Sunday, March 4, 2012
King Leopold's Ghost: A Story of Greed, Terror & Heroism in Colonial Africa, by Adam Hochschild
Amazon
Barnes & Noble
Goodreads
It's not easy to claim that you love a book on the occupation, slavery, and death of ten million people. This was a hard read, to be sure, and there were a few times when I didn't think I'd be able to continue on. Much like when I was first introduced to Alex Haley's Roots, I found myself physically ill at the descriptions of the way those in power treated the powerless.
Leopold II of Belgium was a brilliant man. He masterminded the colonization of a vast area of land in a continent he had never even set foot in. How did he accomplish such a feat? He manipulated everyone around him: this government; Belgian citizens; Presidents, Kings, and dignitaries from other countries; African tribal chiefs who ceded away their land and people when they signed "treaties" with Henry M. Stanley, who was Leopold's explorer/emissary to the Congo region; journalists; and on an on.

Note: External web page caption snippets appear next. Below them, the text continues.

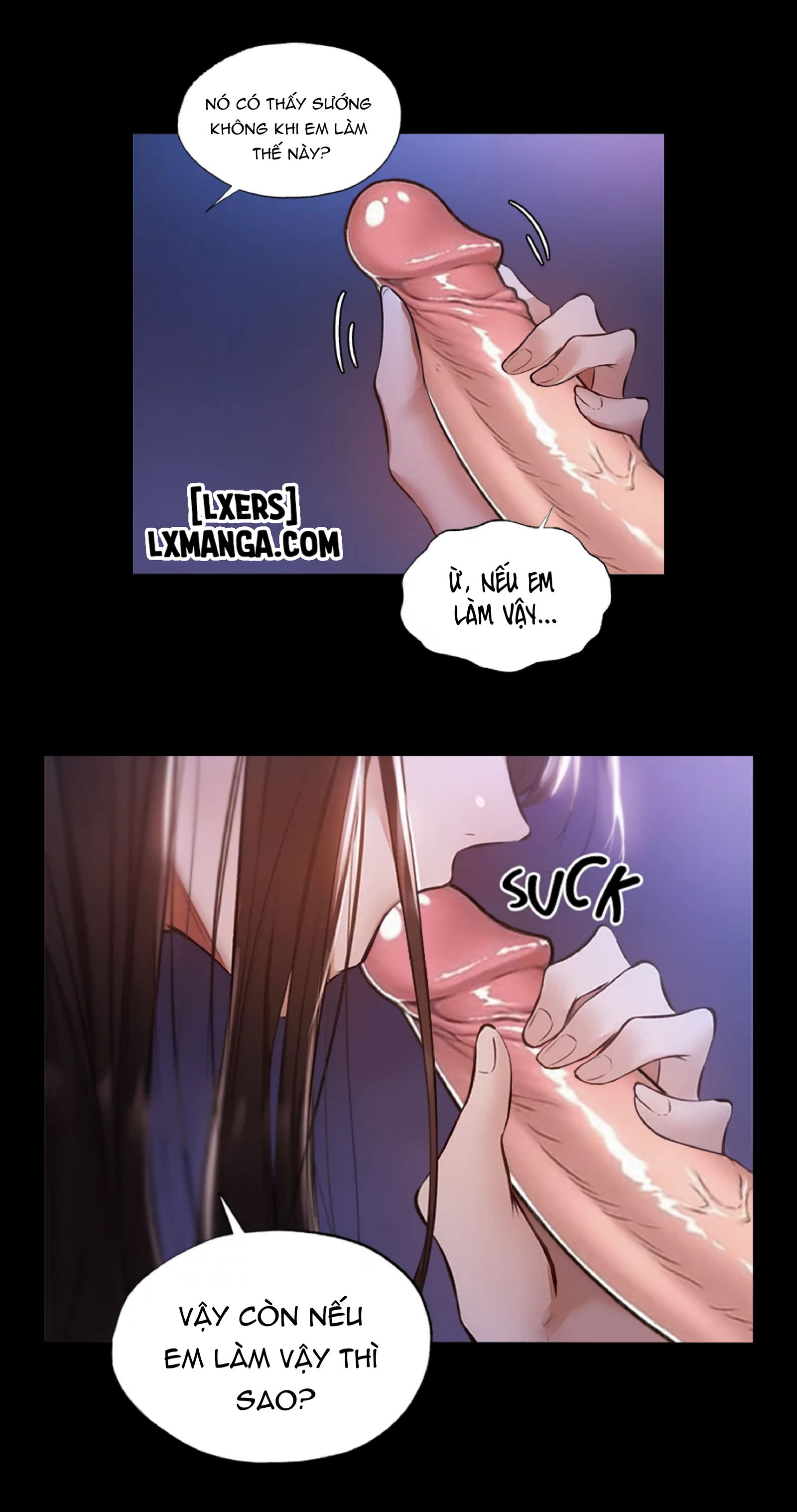 chapter-38-38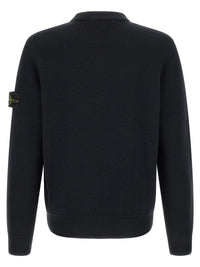STONE ISLAND Stone Island Men '5100011' Sweater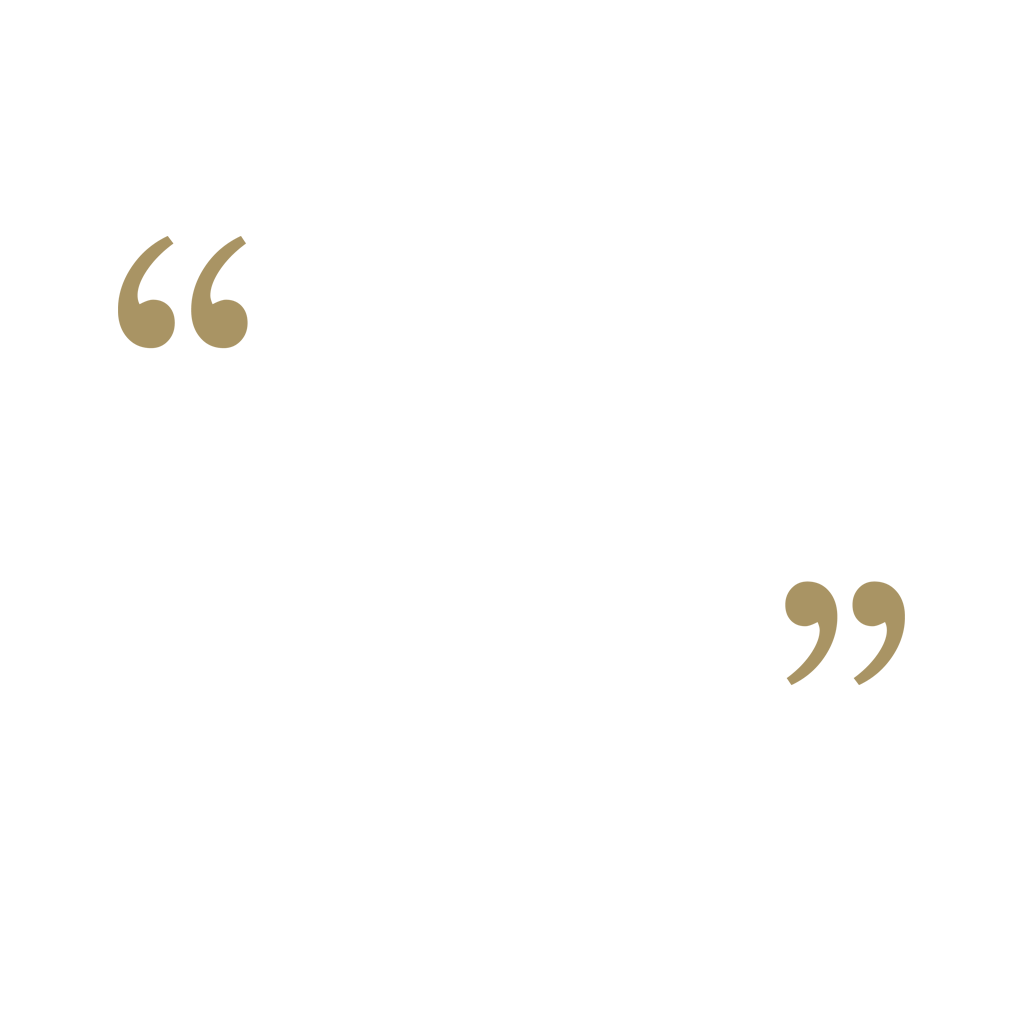 It's more than just a logo ©TheBrandingDistillery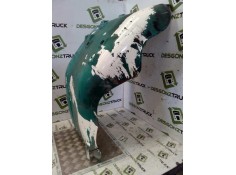 Recambio de guardabarros delantero izquierdo para scania trucks serie 3 93 m/280 (282cv) referencia OEM IAM    2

I doubt there was a person he met who he didn't manipulate.
Worse were the actions he (via his officers in the Congo) took against the African people: enslaving them; forcing them to work tirelessly collecting ivory and rubber; cutting off the right hands of those who did not meet their quotas; taking women and children hostage so the men would work harder; killing people for sport. Though none of the atrocities he committed were different from what other nations did at the time, it is no less horrifying and sickening.
And I had no idea this had ever happened!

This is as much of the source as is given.